Year B
23rd Sunday Year B - Homily 4
Homily 4 - 2024
I found today’s first Reading from the prophet Isaiah wonderfully upbeat. His sense of God is still so relevant and his imagery and expression are so typical of him. He was writing to people still oppressed slaves of the Babylonians but soon, unknown to them, to be liberated. His message was a call for courage on their part. There was no need for fear. God was about to step into their history once again, and obviously so.
Vengeance was coming, and retribution. Not that Isaiah necessarily saw God as vengeful and punishing. That was simply the automatic cultural assumption of the time. The forceful but poetical expression of the prophet — salvation and good news for Israel — had to be inevitably understood as vengeance and retribution for their persecutors. As a people they still needed a few more centuries of gradual maturing, thoughtful prayer and the presence of Jesus among them before they would learn that there is no violence in God. [We could well wonder how widely it has been grasped even now.]
Isaiah continued in his beautifully metaphorical way:
“The eyes of the blind shall be opened,
the ears of the deaf unsealed.
The lame shall leap like a deer
and the tongues of the dumb sing for joy.
For water gushes in the desert,
streams in the wasteland;
the scorched earth becomes a lake,
the parched land springs of water.”
It is against this background that we can hear today’s Gospel incident: Jesus’ healing of the probably pagan deaf man. Though deaf, the man could see. So Jesus sought his cooperation, and perhaps even his act of faith, by means of gestures the man could see or feel.

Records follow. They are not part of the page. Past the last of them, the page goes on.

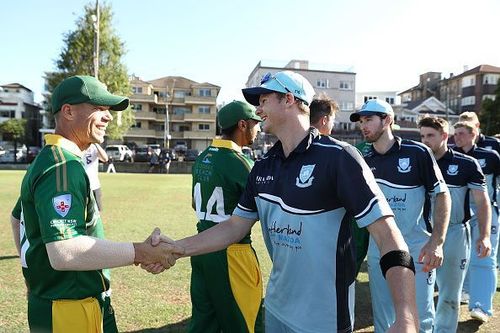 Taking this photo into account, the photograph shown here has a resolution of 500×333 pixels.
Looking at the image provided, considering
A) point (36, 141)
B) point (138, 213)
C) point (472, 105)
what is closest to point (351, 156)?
point (138, 213)

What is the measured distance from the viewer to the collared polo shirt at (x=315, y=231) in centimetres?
260

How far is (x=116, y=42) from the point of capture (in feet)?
164

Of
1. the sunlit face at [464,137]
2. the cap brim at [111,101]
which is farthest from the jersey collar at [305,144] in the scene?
the sunlit face at [464,137]

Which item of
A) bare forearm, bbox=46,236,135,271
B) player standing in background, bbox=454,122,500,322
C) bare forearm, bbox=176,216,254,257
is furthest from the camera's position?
player standing in background, bbox=454,122,500,322

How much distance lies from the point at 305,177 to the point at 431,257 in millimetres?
1952

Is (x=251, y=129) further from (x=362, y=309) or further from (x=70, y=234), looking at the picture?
(x=362, y=309)

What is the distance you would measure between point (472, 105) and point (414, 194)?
81939mm

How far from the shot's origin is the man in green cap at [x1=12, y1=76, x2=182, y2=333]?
8.38 feet

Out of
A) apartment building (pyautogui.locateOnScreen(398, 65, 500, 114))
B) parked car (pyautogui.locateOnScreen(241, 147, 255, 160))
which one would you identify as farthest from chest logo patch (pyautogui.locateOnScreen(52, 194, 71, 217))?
apartment building (pyautogui.locateOnScreen(398, 65, 500, 114))

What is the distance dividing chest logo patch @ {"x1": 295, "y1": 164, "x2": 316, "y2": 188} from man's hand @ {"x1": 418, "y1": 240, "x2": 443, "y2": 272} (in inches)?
76.4

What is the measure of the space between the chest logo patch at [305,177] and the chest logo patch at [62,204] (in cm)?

Jesus took him aside in private, away from the crowd, where he would not be distracted. He touched the man’s ears to indicate he was about to do something about his deafness; and his tongue because he wished to help the man to speak fluently. Spittle, at the time, was seen as a healing agent [even today some parents still use it to heal the pain of a little child who has hurt a leg or an arm]. Jesus wanted to arouse the man’s hope. Then he spoke aloud a word of healing, which the man had the wonderful experience of hearing, and consequently even of speaking clearly, for the first time.
Mark, who recounted the incident, drew attention to Jesus’ perhaps surprising reaction:
“Jesus ordered them to tell no one about it,
but the more he insisted, the more widely they published it.
Their admiration was unbounded. “He has done all things well,” they said,
“he makes the deaf hear and the dumb speak.”
Jesus, however, was instinctively wary of crowds, large or small, and especially of enthusiastic crowds who need someone they can love or hate. This crowd wanted someone they could barrack for, and in their need they exaggerated. They had seen Jesus do one compassionate action, which they turned into, “He has done all things well.” They knew nothing of his teaching, yet we are told, “Their admiration was unbounded”.
Might Mark’s recounting of the incident have something to say to us, his readers, twenty centuries later? Most of us currently are worried about the future of our Church as Mass attendances drop significantly. It wasn’t all that long ago [was it in the 70’s?] that churches were full. Priests were plentiful, as were nuns.
But what was it that attracted people? Was it Jesus’ teaching, and his calling us to co-operate with him, in his insistence on bringing more love into the world? — loving one another? loving your neighbour? loving those we see as the enemy,? forgiving those who have hurt us? forgiving ‘no strings attached’ [as God always does]?
Rather than a helpless unvoiced reproach to those who no longer worship with us, might we first look to ourselves? Do we owe them an apology? or … a challenge?